Of the entries below, return only those lines from the line with "Lexus LX 570 2013, 145,000 km - 5.7 l - Bakı" to the line with "5pc Ice jig 072", exactly, both included.

***** Input records

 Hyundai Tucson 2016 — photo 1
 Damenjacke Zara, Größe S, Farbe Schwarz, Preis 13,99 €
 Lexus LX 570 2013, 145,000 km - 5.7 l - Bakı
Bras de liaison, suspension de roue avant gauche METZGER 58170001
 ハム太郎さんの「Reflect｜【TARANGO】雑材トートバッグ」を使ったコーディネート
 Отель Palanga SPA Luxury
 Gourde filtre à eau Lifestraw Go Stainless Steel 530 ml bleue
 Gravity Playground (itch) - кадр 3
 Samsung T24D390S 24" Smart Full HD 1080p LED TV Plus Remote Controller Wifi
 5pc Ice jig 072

**********
***** Input records

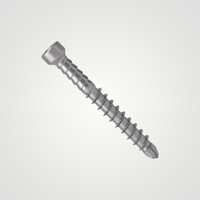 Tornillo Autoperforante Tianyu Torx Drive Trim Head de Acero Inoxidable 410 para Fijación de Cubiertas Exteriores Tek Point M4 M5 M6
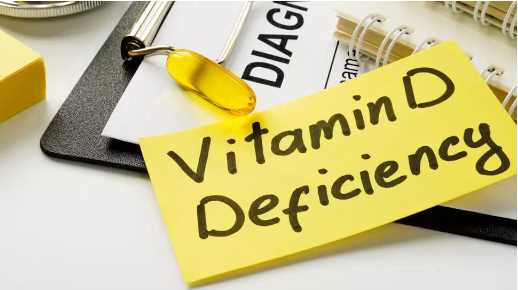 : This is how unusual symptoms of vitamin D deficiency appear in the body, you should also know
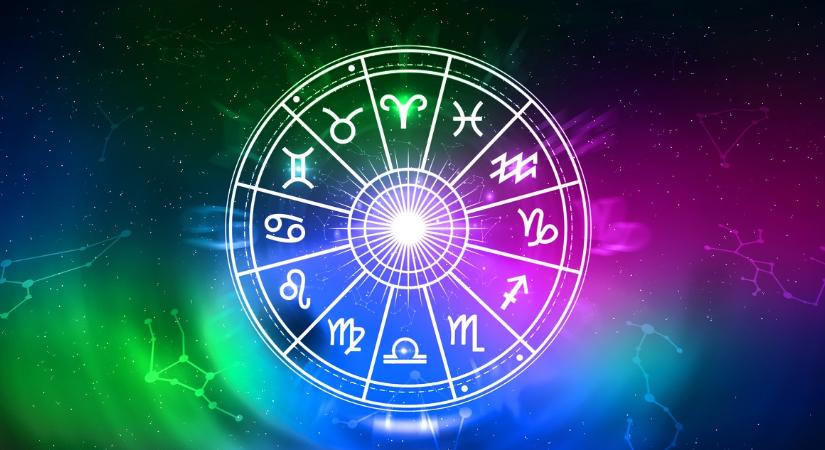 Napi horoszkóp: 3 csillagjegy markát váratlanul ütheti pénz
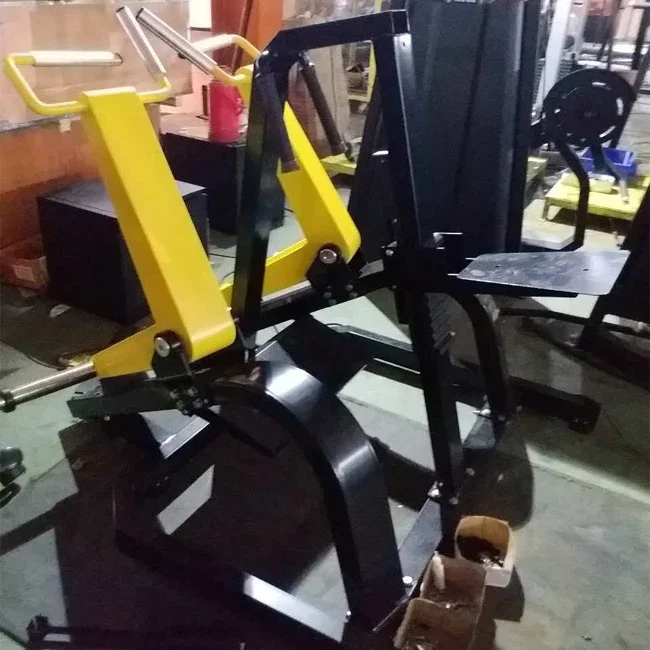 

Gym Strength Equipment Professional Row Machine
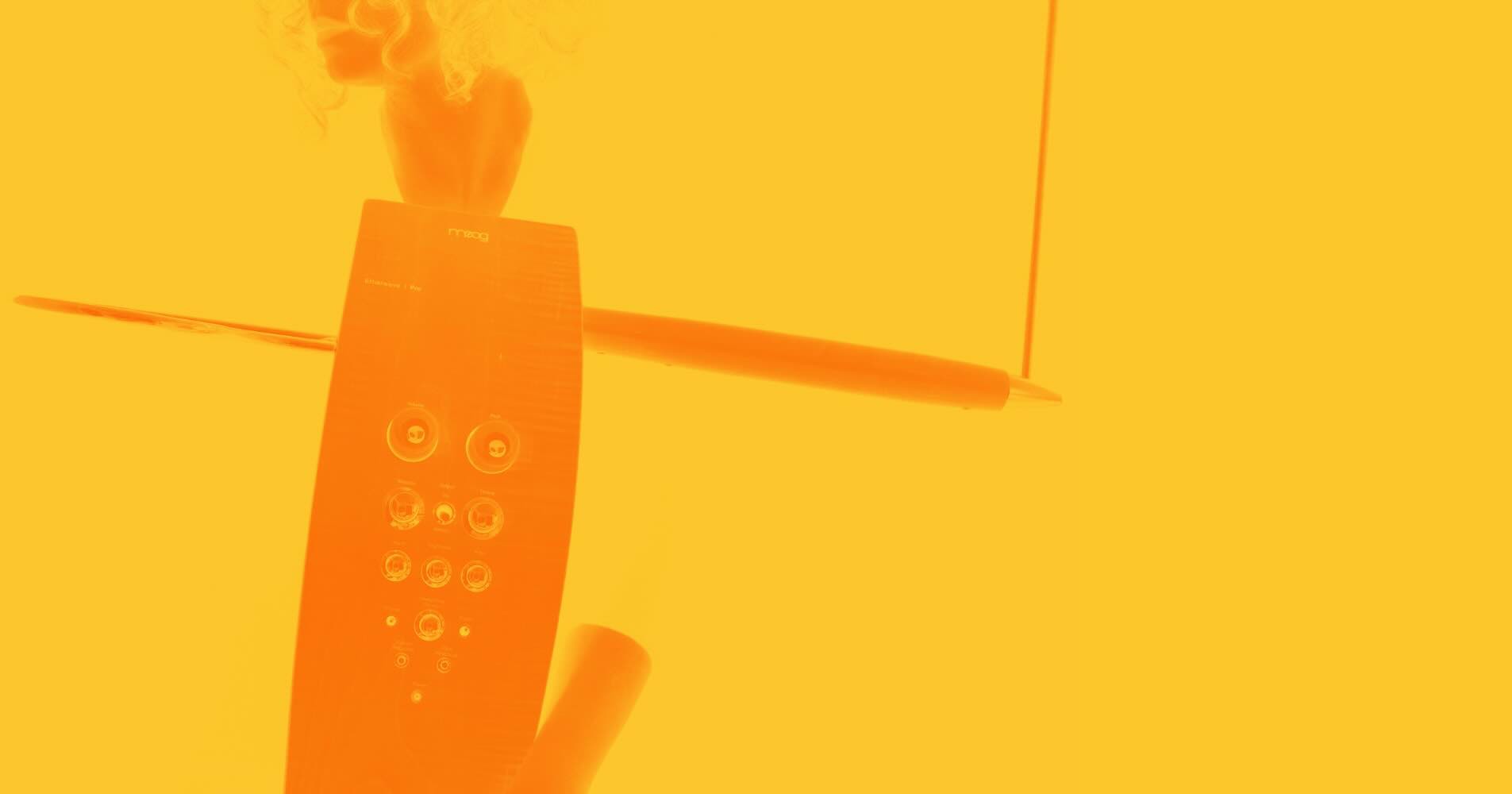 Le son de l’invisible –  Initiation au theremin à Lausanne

**********

Solution for this task
 Lexus LX 570 2013, 145,000 km - 5.7 l - Bakı
Bras de liaison, suspension de roue avant gauche METZGER 58170001
 ハム太郎さんの「Reflect｜【TARANGO】雑材トートバッグ」を使ったコーディネート
 Отель Palanga SPA Luxury
 Gourde filtre à eau Lifestraw Go Stainless Steel 530 ml bleue
 Gravity Playground (itch) - кадр 3
 Samsung T24D390S 24" Smart Full HD 1080p LED TV Plus Remote Controller Wifi
 5pc Ice jig 072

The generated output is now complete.